2. Di tale ricorso, è infondato il primo motivo. L’atto generale infatti, per ragioni logiche prima che giuridiche non perde il suo carattere, per cui esso si rivolge a destinatari non determinati e non determinabili a priori, per il fatto che alcuni di essi, o anche tutti costoro, siano in concreto individuabili; esso infatti non per questo cessa di applicarsi comunque a tutti i soggetti che si trovino in una data situazione: il principio è stato affermato anche ai massimi livelli da Tribunale UE 10 aprile 2008 T-233/04 Commissione c. Regno di Olanda.
3. Nel caso concreto, era ed è sicuramente possibile individuare, in un centro urbano di modeste dimensioni come Sirmione, tutti i rivenditori in concreto toccati dall’atto impugnato; ciò non toglie però che esso sia atto generale, perché formulato in modo da disciplinare tutti coloro i quali in quella zona intendessero vendere alimenti per asporto; l’atto in questione quindi per essere validamente emanato non necessitava del preavviso di cui all’art. 7 l. 241/1990, come sancisce l’art. 13 comma 1 della stessa legge.
4. Parimenti infondato il secondo motivo, che muove da un presupposto errato: l’ordinanza impugnata, a prescindere dai suoi possibili effetti concreti, non è atto che incide sul regime della licenza di cui è titolare il ricorrente, ma solo sulle condizioni igieniche richieste per esercitare la relativa attività; non necessita dunque delle relative formalità procedimentali.
5. E’invece fondato il terzo motivo di ricorso, incentrato sulla violazione del principio di proporzionalità e adeguatezza nell’esercizio del potere amministrativo.
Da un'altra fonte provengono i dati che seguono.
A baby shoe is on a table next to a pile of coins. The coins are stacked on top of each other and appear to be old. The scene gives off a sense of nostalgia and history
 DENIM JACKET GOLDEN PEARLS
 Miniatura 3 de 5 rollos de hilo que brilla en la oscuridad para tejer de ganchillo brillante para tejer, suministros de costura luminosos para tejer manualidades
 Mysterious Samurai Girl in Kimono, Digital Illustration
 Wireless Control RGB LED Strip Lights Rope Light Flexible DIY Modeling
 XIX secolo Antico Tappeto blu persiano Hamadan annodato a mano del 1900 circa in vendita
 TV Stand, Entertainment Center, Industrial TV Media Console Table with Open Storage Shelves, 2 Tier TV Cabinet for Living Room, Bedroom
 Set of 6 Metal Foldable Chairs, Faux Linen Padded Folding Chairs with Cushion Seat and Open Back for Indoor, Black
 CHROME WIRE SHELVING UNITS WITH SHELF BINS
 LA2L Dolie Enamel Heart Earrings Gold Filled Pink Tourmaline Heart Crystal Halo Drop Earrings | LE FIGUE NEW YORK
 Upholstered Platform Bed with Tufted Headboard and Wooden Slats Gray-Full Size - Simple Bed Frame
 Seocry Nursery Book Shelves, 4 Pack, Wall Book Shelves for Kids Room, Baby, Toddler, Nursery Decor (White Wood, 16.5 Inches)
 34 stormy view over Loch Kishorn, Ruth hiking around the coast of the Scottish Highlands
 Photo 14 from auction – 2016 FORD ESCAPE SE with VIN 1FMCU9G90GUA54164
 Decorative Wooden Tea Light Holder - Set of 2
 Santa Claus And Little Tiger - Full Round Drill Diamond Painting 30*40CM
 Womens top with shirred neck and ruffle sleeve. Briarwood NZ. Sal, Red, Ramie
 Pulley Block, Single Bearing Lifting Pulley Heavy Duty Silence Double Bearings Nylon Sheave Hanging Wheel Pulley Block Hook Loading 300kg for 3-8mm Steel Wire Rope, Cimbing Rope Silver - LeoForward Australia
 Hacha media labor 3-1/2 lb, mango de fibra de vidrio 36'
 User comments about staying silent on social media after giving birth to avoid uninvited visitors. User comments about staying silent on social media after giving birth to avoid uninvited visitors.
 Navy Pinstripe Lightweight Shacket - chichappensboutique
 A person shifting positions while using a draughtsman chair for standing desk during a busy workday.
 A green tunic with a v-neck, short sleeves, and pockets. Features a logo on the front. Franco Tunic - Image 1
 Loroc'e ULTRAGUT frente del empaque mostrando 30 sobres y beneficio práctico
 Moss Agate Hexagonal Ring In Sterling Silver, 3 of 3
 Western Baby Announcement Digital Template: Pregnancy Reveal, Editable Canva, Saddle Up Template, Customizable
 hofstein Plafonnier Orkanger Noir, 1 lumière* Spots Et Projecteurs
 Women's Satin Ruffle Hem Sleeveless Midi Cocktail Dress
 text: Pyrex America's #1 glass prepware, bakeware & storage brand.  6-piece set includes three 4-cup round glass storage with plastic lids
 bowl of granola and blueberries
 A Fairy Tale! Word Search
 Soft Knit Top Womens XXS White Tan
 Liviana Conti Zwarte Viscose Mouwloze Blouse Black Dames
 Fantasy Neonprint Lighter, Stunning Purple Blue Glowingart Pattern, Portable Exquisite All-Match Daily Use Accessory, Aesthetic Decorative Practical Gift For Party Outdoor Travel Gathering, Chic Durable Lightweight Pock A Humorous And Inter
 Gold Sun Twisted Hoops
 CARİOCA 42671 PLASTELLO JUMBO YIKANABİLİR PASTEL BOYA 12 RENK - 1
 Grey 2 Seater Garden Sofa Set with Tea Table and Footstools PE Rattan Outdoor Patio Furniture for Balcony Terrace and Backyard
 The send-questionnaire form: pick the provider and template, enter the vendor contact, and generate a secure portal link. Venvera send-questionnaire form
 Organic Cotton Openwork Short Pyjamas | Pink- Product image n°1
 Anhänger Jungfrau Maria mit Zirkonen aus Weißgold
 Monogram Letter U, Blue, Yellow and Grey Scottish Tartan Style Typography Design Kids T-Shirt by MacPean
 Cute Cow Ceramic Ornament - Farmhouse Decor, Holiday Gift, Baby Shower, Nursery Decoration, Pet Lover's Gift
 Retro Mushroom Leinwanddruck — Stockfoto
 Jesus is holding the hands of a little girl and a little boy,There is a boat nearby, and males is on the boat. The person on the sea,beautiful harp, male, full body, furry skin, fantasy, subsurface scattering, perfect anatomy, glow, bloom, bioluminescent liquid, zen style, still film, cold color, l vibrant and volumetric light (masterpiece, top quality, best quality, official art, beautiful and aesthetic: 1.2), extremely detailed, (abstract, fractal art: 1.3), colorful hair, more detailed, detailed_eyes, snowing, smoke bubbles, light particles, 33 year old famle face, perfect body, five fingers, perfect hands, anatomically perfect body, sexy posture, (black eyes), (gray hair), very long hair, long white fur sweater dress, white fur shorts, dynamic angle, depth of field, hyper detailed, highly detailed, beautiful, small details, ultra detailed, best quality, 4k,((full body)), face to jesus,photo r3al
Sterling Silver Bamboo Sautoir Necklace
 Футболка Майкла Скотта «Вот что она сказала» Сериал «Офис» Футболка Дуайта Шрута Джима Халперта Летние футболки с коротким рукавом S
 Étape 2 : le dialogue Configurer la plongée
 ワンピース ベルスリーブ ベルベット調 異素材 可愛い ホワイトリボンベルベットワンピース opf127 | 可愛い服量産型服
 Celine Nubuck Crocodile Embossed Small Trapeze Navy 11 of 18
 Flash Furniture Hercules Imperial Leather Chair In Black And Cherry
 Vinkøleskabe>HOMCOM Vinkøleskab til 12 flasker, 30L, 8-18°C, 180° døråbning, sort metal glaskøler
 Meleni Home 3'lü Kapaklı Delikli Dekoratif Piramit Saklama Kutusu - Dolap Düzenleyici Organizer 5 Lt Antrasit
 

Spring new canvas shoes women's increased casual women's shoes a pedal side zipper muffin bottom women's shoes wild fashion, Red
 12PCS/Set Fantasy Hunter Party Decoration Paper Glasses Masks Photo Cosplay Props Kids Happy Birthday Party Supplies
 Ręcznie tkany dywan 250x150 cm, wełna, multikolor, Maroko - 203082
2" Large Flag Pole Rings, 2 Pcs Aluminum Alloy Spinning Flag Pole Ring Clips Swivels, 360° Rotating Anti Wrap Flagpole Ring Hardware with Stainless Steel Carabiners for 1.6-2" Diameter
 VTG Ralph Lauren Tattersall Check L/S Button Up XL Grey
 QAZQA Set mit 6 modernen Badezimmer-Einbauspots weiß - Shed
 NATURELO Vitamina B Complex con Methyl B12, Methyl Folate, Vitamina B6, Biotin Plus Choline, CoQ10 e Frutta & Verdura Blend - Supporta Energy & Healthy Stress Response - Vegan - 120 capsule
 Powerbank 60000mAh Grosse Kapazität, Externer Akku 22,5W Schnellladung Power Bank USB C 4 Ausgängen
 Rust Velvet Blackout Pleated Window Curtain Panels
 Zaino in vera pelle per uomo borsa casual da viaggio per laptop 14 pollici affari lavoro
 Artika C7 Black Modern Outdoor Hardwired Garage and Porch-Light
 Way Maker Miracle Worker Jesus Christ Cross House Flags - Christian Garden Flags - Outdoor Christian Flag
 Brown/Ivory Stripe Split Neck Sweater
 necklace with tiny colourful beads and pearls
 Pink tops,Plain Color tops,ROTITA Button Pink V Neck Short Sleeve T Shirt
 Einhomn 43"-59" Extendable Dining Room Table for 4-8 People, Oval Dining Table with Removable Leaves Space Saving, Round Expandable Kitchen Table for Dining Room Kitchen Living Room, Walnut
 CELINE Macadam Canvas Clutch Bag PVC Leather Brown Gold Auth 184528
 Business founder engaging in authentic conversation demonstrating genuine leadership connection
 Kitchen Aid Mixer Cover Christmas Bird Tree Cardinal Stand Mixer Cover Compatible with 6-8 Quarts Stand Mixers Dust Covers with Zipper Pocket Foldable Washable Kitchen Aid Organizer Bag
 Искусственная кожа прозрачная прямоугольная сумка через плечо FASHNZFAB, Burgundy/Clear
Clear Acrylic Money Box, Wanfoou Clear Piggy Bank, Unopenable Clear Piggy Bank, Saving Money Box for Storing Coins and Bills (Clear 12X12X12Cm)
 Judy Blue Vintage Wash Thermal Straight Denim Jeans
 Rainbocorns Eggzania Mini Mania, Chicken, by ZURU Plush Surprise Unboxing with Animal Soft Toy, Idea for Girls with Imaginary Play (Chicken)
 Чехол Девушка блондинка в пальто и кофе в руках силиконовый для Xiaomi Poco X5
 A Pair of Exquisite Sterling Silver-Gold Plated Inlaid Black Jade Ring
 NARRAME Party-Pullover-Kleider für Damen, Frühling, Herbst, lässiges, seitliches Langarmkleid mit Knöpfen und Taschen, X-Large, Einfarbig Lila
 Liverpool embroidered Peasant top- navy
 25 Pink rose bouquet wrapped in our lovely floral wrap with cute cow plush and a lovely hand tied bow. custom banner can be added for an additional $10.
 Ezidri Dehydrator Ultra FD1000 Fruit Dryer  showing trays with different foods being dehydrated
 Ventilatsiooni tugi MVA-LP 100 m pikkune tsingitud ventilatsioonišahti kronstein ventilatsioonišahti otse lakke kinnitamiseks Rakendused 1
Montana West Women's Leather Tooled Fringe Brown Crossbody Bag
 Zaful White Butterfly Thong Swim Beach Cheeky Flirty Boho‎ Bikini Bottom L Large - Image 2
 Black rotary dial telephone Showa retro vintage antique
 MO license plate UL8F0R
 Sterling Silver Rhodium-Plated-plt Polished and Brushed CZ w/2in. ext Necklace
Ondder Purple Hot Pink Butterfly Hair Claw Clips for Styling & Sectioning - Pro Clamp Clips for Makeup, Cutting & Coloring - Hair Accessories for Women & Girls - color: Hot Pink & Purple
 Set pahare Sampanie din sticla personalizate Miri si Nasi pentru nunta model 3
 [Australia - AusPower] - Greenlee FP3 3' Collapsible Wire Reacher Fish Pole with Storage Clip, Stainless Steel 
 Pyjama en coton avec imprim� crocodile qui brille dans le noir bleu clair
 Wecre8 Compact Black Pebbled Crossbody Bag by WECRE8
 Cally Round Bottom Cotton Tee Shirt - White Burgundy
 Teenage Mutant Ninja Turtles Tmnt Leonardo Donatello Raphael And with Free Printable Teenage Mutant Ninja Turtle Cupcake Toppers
Come è noto, tale principio discende dall’ordinamento europeo, e implica, secondo l’enunciazione paradigmatica contenuta nella sentenza Corte UE 22 febbraio 2002 C 390/99 **************, che l’intervento pubblico debba essere in grado di assicurare il raggiungimento del risultato avuto di mira e non andar oltre quanto necessario a raggiungerlo. Con formulazioni sostanzialmente identiche, la giurisprudenza nazionale, per tutte C.d.S. sez. V 14 aprile 2006 n°2087, ma conforme, ad esempio, è anche TAR Lazio Roma 12 luglio 2006 n°10485, afferma poi che il principio di proporzionalità e adeguatezza “obbliga la pubblica amministrazione ad adottare la soluzione idonea ed adeguata, comportante il minor sacrificio possibile per gli interessi compresenti.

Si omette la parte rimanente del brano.